Graham Reid | | <1 min read
Although to some extent a companion volume to the fascinating Liberation Music collection of material from the Flying Dutchman label, this is very much a lesser cousin as the politics is tuned down -- despite funk and groove-riding songs with titles like All Power to the People (Joe Savage and the Soul People) and Walk Tall (Esther Morrow).
The very good liner notes make a useful point: that the liberal white crowd who had supported the Civil Rights movement of the first part of the Sixties had moved off into rock music, hippie culture and acid while the black crowd was reaping the whirlwind of Vietnam deaths, innercity riots, the epidemic of harder drugs and rise of black militancy.

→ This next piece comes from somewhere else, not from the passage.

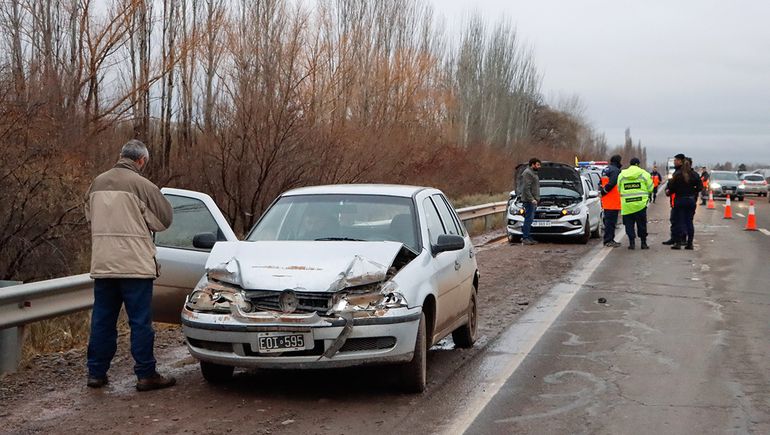 Chocaron cuatro vehículos en el tercer puente: una mujer herida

So the clarity of focus of just five years previous was becoming more fuzzy and on the one hand you had angry voices being raised and others pleading for folks to just groove out.
This collection at least includes examples of all of that -- as well as the influence of African consciousness on the jazz and funk of the day (Just in Time to See the Sun by Leon Thomas), serious organ-driven funk (the instrumental Sissy Strut'n'American Woman by the Willard Posey Reunion who drag in the BTO song) and the likes of George Jackson and Lonnie Liston Smith.
There are also some very dirty funk grooves here, the dependence on wah-wah, falsetto voices and Gil Scott-Heron (Free Will).
But really this does feel rather cobbled together and lacking the sharpness of focus which the title alludes to.